Os jovens também são beneficiados pelos projetos do Jarí. Garantem profissão e renda no COPP – Centro de Oportunidades e Potencialidades Profissionalizantes, no qual o principal projeto é a Escola da Madeira. Nela, aprendem com profissionais do Senai a fazer móveis, caixinhas de todos os tipos e tamanhos e brinquedos educativos com resíduos de madeira certificada para marcenaria doados pela Orsa Florestal. Associados à Coopnharin – Cooperativa de Artefatos Naturais do Rio das Castanhas, muitos desses jovens vendem seus produtos, principalmente móveis, ao mercado local, obtendo uma renda mensal de até R$ 400. A escola tem planos para montar uma linha de piso para jardim para atender ao mercado externo e doméstico. Quando for efetivada, deverá ampliar para R$ 600 a renda mensal de cada associado”, informa Tibúrcio. Além da profissão, os alunos aprendem ainda noções de ética, cidadania, preservação ambiental, além de conceitos de negócios, qualidade, logística e design.
Uma revolução de conceitos no Baixo Sul da Bahia
A região do Baixo Sul da Bahia, que abrange 11 municípios e uma população de 260 mil pessoas, é uma das mais pobres do Estado. A renda média mensal dos habitantes – dos quais mais de 60% vive em área rural –, não ultrapassa os R$ 150,00 e 30% da população sequer tem carteira de identidade.

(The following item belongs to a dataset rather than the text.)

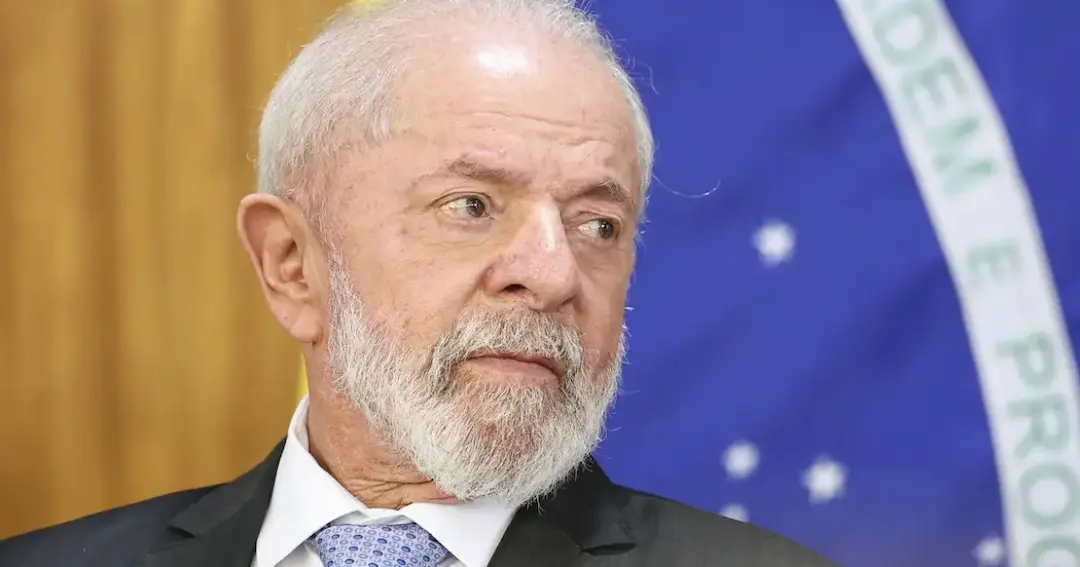 Lula diz que governo discute projeto para entregar gás gratuito a 22 milhões de famílias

Porém, desde 2003, a vida dos habitantes desse pedaço baiano repleto de belezas naturais, onde se encontra a segunda maior área remanescente de Mata Atlântica do país, está mudando para melhor.

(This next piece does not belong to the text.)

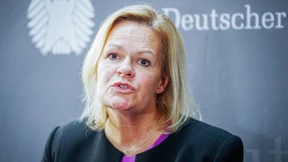 „Halbautomatische Waffen braucht man nicht privat im Besitz zu haben“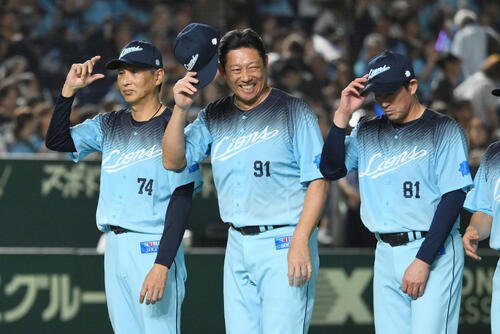 西武対オリックス　試合に勝利しファンにあいさつする西武西口文也監督(左)ら(撮影･滝沢徹郎)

Graças ao Programa de Desenvolvimento Integrado e Sustentável – DIS-Baixo Sul – criado e implantado pela Fundação Odebrecht, as cadeias produtivas locais como aqüicultura, mandioca, piaçava e palmito pupunha foram fortalecidas, triplicando a renda de mais de mil famílias. O aumento na remuneração provocou um efeito cascata, possibilitando melhorias na alimentação, moradia e o acesso à educação.

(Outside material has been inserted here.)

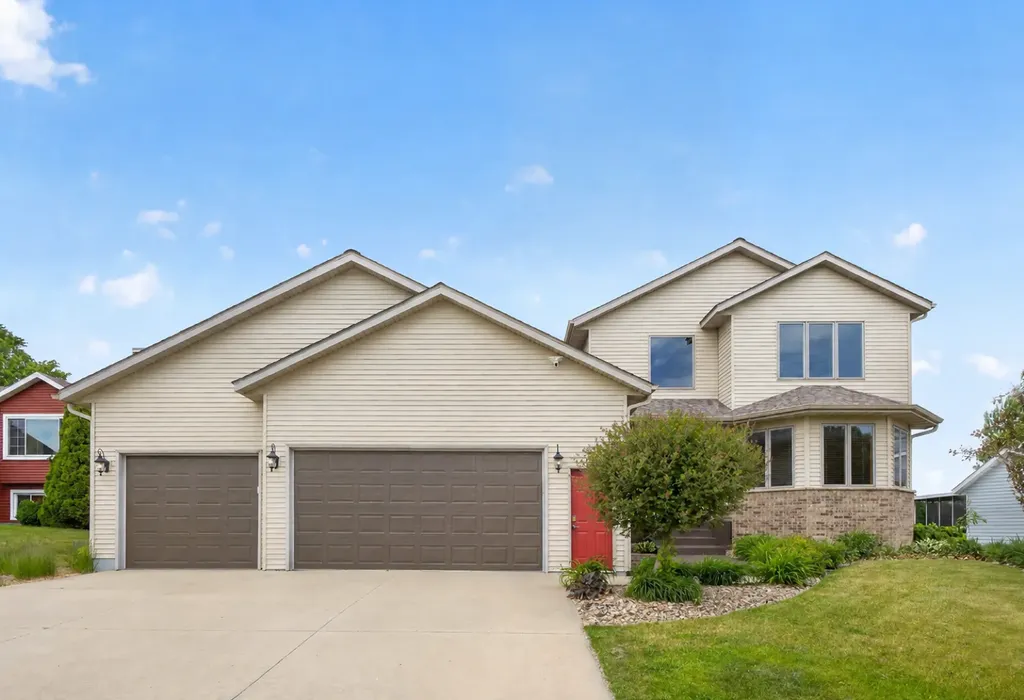 1011 Golfers Ct SE Rochester MN 55904
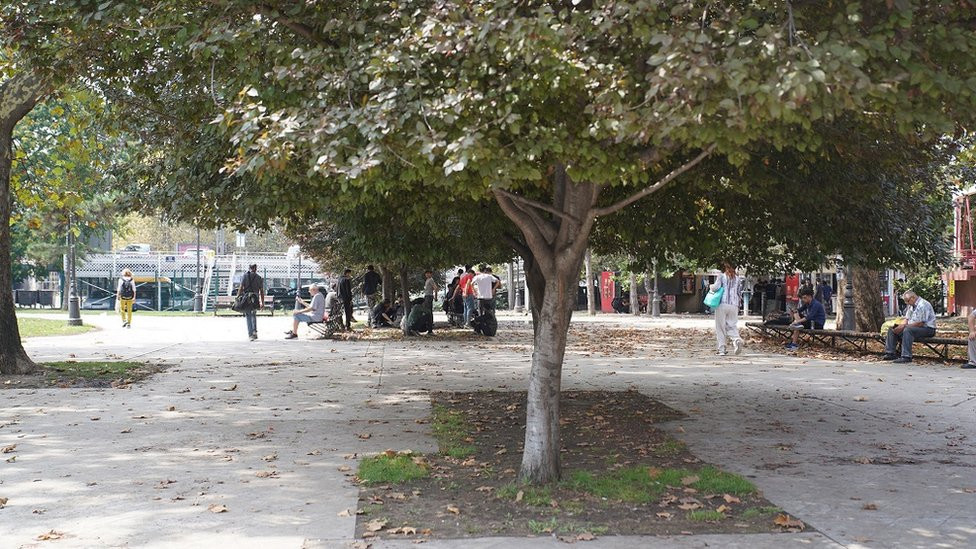 park kod autobuske stanice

O que fez o DIS-Baixo Sul foi criar oportunidades para um crescimento econômico sustentável, integrado de forma harmoniosa à melhoria de vida da população e à preservação do meio ambiente. Para tanto, tomou como base o conceito dos “quatro capitais” – social, produtivo, humano e ambiental – que prevê o desenvolvimento simultâneo e complementar em quatro dimensões de uma comunidade ou região.
Na linha do capital social, o DIS-Baixo Sul começou por resgatar os valores de cidadania, permitindo o acesso à justiça e aos direitos básicos. Um mapeamento da região feito pelo programa revelou que em vários municípios da região não existiam conselhos municipais de Direito, Educação ou tutelares. Iniciou-se, então, uma campanha de capacitação de conselheiros e líderes comunitários para que reivindicassem a implantação desses órgãos e a sociedade tivesse voz ativa em todos eles. A pesquisa também detectou que grande parte dos moradores não possuía carteira de identidade. Com o apoio do governo, o programa passou a fornecer documentação básica gratuita. Até agora, 170 mil cidadãos já foram atendidos.
No capital produtivo, o programa da Fundação Odebrecht procurou fortalecer as cadeias produtivas locais, promovendo e gerando trabalho e renda. A estratégia foi organizar a produção local – caracterizada pela agricultura familiar e pesca artesanal – em cooperativas, aumentando a produtividade e o lucro dos trabalhadores.
Na aqüicultura, por exemplo, as 125 famílias que se dedicam à criação de tilápias estuárias e ostras, viram sua renda saltar de R$ 220,00 para R$ 600,00 por mês. O programa incentivou a formação da Coopemar – Cooperativa Mista de Marisqueiros, Pescadores e Aqüicultores que, em parceria com a iniciativa privada e governos, elevou a produção inicial de quatro toneladas para 15 toneladas de peixe por ano e passou a atender mercado internacional. Da produção mensal, duas toneladas são destinadas à rede francesa de supermercados Aucham, que reverte R$ 9 mil para a cooperativa.